Previous work indicates that individual elements within the corticothalamocortical circuit have driver properties. Layer 5B inputs to POm are of large diameter and contact proximal dendrites, and have synaptic properties consistent with driver inputs12, 23. In addition, receptive fields in POm depend on S1BF input24. Furthermore, activation of the higher order thalamocortical projection from POm to secondary somatosensory cortex elicits synaptic responses characteristic of driver input1. Here we have demonstrated the efficacy of the entire circuit by providing evidence that a substantial proportion of the secondary somatosensory cortex activation our slices depended on thalamic circuitry.
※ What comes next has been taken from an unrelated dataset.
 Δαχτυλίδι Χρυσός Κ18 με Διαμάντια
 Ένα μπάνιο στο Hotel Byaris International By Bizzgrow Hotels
Given that our results came from experiments on a brain slice with many cut connections, it is likely that the corticothalamocortical circuit is highly efficacious in an intact animal, though this will need verification.
Our results thus show, for the first time, that a corticothalamocortical circuit involving POm provides a strong connection between S1BF and secondary somatosensory cortex. A question that remains unresolved in our data is the efficacy of the direct S1BF to secondary somatosensory cortex pathway. While we failed to find much evidence regarding the strength of this pathway, we believe that this may be an artifact of our slice, which has been optimized for thalamocortical and corticothalamic circuits. Indeed, other evidence15 indicates that direct corticocortical connections are mostly cut in this preparation. Thus we emphasize that what we have shown here is a strong, hitherto unexplored, corticothalamocortical circuit, and that is the main point of this investigation. A proper comparison with the direct S1 to secondary somatosensory cortex circuit must await further study.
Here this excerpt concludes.